The circumstances of the present case bear no resemblance to those of Manina, because the delay in bringing this case to trial cannot in any way be attributed to petitioner. He and defense counsel were available and prepared for trial during the entire 90 days and never wavered in their demand that trial take place within that statutory period.

According to the Attorney General, “the rationale set out in Manina, Shute, and Boggs is applicable in this situation. The need for delay and good cause justifying the delay were not caused by the prosecution or the court, but by codefendant’s counsel. Accordingly, the 90-day period set out in section 1381 was appropriately tolled during the pendency of codefendant’s good cause for continuing trial.” (Italics added.) We cannot agree.

As we have explained, the delay in Manina, Shute, and Boggs was in some fashion entirely attributable to the defendant or his circumstances. The Attorney General cites no case in which a good cause exception to section 1381 was based upon the conduct of or circumstances relating to a defendant other than the one who files a section 1381 request for a speedy trial and the two defendants are to be tried in a consolidated proceeding. As has been stated, “[u]nlike the 60-day requirement of Penal Code section 1382, failure to prosecute within 90 days under Penal Code section 1381 cannot be excused by a showing of good cause for the delay (except where the accused causes the delay).” (People v.
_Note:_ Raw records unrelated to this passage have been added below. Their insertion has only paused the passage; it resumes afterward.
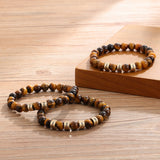 Engraved Beaded Bracelet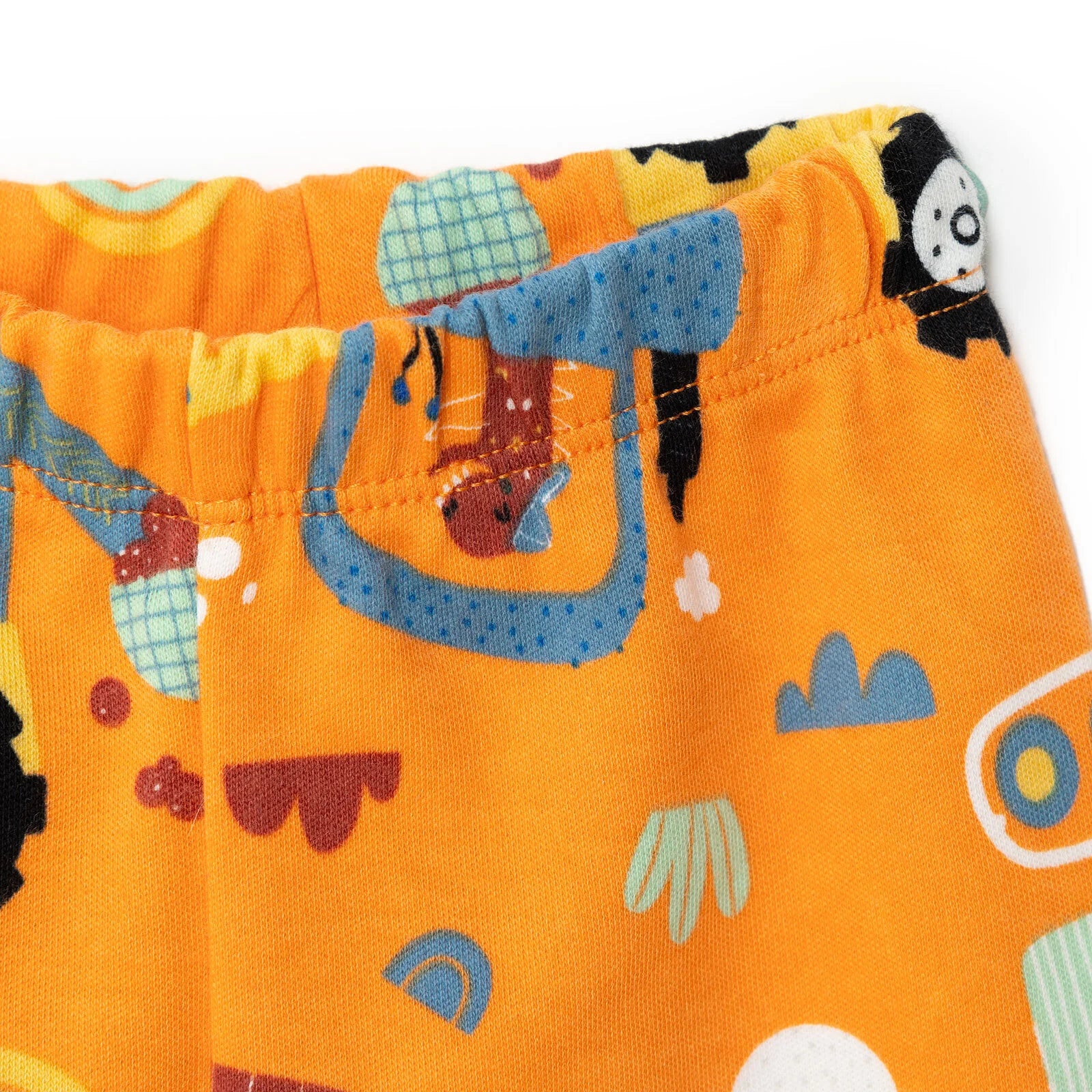 HelloBaby Baby Boy 2 Pcs Footed Bottom - Orange - ebebek - Black Friday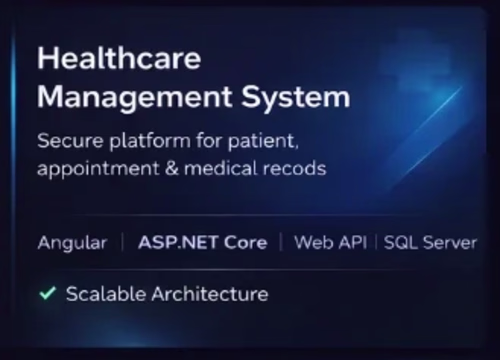 Healthcare Management System
Developed a secure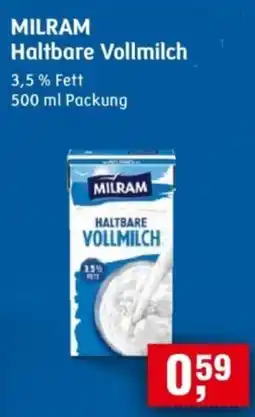 Handelshof MILRAM Haltbare Vollmilch Angebot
Cave (1978) 81 Cal.App.3d 957, 964, italics added, citing Manina, supra, 45 Cal.App.3d at p. 901.) Moreover, the Attorney General ignores the fact that the delay granted by the court at the July 29, 2008 hearing (after Manjinder’s objection to a joint trial was sustained) was at the request of the district attorney, who represented that otherwise she was “not going to be able to get my witnesses done.”

The Attorney General also argues that a good cause exception to section 1381 may also be found under the good cause provision of section 1050.1. The argument is untenable.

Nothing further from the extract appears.